Market Velocity and Dynamics Discussed at House of Commons
With new content available at an ever-quicker pace companies are working against rapidly compressing deadlines to deliver product that once took months, even years to reach retail, industry executives said Monday during LIMA’s annual seminar at House of Commons.
With the tighter delivery cycles driven by a constant flow of IP, some companies are shifting to a “mixed bag” of product offerings, with some designed to meet sudden upswings in demand via ecommerce and others destined to be exclusives at retailers, Fashion UK CEO Gurdev Mattu said. And content suppliers have moved from total focus on 22-minute TV episodes to a potpourri of lengths and formats for platforms ranging from YouTube to retailers’ in-store video networks, said Cartoon Network VP Peter Yoder.
“Agility is a key factor now as is finding partners that are a little bit more nimble to create something,” Yoder said. “Even the biggest of the big companies are starting to understand that you can’t take two years to create [product], and even industries like toys, which were slower to evolve, are starting to change.

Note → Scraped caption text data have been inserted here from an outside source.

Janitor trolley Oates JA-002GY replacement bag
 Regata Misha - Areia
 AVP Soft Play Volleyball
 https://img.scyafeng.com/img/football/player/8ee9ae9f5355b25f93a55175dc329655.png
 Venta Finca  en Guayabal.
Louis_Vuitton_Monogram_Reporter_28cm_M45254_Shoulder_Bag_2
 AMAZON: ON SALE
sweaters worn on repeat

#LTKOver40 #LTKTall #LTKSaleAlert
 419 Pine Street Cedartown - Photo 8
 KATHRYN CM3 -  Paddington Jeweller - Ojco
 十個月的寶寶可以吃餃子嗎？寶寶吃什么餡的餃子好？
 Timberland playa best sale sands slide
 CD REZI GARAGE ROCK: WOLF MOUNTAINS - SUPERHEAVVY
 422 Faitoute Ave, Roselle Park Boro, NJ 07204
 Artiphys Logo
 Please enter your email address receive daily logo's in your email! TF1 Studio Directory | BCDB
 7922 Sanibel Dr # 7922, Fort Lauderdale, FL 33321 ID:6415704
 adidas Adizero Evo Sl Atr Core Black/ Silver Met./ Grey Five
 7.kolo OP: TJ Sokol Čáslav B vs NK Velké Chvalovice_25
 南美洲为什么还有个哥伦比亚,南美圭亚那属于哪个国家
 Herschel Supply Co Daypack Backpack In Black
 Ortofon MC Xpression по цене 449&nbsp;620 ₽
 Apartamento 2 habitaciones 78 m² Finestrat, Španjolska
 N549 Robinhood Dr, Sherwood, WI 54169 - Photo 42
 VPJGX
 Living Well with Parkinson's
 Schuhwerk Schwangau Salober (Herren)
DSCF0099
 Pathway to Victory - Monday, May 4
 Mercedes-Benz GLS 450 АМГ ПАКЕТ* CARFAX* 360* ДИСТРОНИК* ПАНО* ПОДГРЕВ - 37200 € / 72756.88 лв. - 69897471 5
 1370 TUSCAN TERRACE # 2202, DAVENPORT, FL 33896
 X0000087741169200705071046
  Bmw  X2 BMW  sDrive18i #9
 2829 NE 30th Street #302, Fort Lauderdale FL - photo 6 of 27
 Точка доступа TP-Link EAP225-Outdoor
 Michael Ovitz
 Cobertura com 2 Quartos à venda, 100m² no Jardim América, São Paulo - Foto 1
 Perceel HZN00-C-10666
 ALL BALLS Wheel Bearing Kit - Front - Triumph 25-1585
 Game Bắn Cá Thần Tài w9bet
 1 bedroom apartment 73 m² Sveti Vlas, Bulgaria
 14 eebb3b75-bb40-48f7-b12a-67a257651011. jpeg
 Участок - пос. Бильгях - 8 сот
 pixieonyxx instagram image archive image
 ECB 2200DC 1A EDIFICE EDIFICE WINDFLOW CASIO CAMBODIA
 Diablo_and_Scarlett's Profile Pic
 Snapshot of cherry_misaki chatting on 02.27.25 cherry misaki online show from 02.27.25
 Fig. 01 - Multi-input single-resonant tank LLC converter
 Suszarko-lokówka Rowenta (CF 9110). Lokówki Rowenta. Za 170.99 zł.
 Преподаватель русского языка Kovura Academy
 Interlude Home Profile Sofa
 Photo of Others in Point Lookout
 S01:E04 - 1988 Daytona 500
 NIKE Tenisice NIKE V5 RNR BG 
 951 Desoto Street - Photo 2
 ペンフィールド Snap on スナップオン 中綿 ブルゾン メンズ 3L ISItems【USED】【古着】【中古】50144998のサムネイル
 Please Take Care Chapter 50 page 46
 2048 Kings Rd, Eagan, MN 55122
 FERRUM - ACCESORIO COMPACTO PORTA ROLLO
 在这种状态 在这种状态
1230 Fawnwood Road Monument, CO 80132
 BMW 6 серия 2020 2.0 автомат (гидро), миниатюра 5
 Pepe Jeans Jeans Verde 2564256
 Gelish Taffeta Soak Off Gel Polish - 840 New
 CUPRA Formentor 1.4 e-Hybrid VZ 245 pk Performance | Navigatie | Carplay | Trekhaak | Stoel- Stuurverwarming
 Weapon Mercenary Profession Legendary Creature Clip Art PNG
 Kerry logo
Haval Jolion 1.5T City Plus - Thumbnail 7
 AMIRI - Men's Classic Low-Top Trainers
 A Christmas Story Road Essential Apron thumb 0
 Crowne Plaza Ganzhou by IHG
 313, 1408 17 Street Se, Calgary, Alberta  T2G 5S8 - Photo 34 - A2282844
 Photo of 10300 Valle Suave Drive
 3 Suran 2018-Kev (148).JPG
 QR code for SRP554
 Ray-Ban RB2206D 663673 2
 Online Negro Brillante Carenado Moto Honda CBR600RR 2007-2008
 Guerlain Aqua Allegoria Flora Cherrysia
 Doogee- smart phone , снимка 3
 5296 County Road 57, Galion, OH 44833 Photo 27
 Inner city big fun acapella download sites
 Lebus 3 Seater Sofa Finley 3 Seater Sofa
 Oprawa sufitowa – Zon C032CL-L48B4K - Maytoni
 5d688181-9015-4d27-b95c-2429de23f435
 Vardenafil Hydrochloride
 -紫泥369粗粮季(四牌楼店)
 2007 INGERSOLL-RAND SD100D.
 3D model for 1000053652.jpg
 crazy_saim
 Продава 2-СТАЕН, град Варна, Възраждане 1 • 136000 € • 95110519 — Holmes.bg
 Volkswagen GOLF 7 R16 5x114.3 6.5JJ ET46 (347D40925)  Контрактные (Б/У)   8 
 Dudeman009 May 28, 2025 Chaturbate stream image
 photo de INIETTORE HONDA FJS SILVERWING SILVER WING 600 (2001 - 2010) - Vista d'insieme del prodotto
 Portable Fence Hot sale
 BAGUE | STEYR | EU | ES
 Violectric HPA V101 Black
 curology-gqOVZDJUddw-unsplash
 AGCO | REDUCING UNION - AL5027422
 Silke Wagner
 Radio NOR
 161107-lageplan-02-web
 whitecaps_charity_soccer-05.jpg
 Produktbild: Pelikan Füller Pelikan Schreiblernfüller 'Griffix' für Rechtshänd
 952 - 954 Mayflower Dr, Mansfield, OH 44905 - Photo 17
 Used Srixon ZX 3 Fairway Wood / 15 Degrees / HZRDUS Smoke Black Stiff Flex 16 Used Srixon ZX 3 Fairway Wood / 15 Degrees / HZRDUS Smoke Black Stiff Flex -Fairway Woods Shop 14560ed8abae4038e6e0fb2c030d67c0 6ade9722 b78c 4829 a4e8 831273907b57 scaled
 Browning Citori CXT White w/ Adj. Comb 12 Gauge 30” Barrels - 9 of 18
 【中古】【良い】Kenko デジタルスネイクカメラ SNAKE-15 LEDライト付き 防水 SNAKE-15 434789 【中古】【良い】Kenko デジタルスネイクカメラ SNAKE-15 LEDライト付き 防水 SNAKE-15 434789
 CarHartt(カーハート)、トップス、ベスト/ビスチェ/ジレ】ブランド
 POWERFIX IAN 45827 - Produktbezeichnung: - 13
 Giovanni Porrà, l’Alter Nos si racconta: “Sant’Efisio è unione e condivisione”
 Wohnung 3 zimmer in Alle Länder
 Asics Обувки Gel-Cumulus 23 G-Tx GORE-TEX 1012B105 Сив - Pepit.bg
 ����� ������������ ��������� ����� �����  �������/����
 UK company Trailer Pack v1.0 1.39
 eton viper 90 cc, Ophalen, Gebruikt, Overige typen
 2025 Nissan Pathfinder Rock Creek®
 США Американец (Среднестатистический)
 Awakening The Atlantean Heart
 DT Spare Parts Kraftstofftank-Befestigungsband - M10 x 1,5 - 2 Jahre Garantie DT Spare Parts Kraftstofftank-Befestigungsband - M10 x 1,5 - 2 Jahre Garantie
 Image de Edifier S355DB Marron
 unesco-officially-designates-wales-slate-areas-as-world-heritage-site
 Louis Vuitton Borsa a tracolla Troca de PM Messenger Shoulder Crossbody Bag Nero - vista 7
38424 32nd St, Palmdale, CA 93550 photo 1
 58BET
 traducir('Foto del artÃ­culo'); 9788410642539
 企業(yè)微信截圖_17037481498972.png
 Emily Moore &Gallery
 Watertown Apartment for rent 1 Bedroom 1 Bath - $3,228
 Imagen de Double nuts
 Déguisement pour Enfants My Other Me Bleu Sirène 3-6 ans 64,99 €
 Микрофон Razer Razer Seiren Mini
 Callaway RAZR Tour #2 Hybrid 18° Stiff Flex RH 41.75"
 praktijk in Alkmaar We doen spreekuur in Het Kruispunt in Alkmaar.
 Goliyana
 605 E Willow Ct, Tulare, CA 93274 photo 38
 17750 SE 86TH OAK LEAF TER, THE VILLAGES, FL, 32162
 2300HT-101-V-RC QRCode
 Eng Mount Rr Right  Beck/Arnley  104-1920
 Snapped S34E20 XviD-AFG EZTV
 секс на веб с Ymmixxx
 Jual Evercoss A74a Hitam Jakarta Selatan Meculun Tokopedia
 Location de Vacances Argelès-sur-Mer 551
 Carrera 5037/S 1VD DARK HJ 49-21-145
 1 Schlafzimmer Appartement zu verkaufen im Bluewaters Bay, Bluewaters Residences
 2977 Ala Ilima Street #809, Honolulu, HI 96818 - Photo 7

It is creating a much more condensed cycle from the time of development to actually hitting the shelves.”
The faster pace is resulting in ecommerce retailers gaining an expanded foothold and harkens back to the shifts that came when big box retailers – Target, Walmart, Best Buy, Circuit City, Toys R Us and others – began moving in on the turf of local and regional retail chains 20 years ago, said Buzzfeed’s Eric Karp.
“People are working in a more compressed cycle and there is some much more money in licensing now at retail so the issues of distribution will probably get solved much faster,” Karp said. “Right now everyone is sharing information in much shorter time frames than existed even a few years ago. I don’t think it is shifting dollars from bricks and mortar to ecommerce. Everyone is buying more so there more money to be made once it is all figured out. I think the doom and gloom [about brick and mortar] is somewhat misplaced.”
The changes are presenting both challenges and opportunities as licensees are being forced to seek out new content sources for products that may have been overlooked in the past, Finsbury Managing Director Lawrence Trist said.
“You have retailers in the UK desperately trying to find revenue streams beyond the traditional,” Trist said. “It is hard for them so they are always looking for something that is a bit more exciting and licensing can fill that void.”
The rise of the Internet hasn’t been without risks. A growing number of websites are offering user-generated products some of which aren’t licensed and must be policed regularly. But there is a “fine balance” that needs to be struck since licensors don’t want discourage fan engagement and creativity, BBC Licensing Director Rikesh Desai said.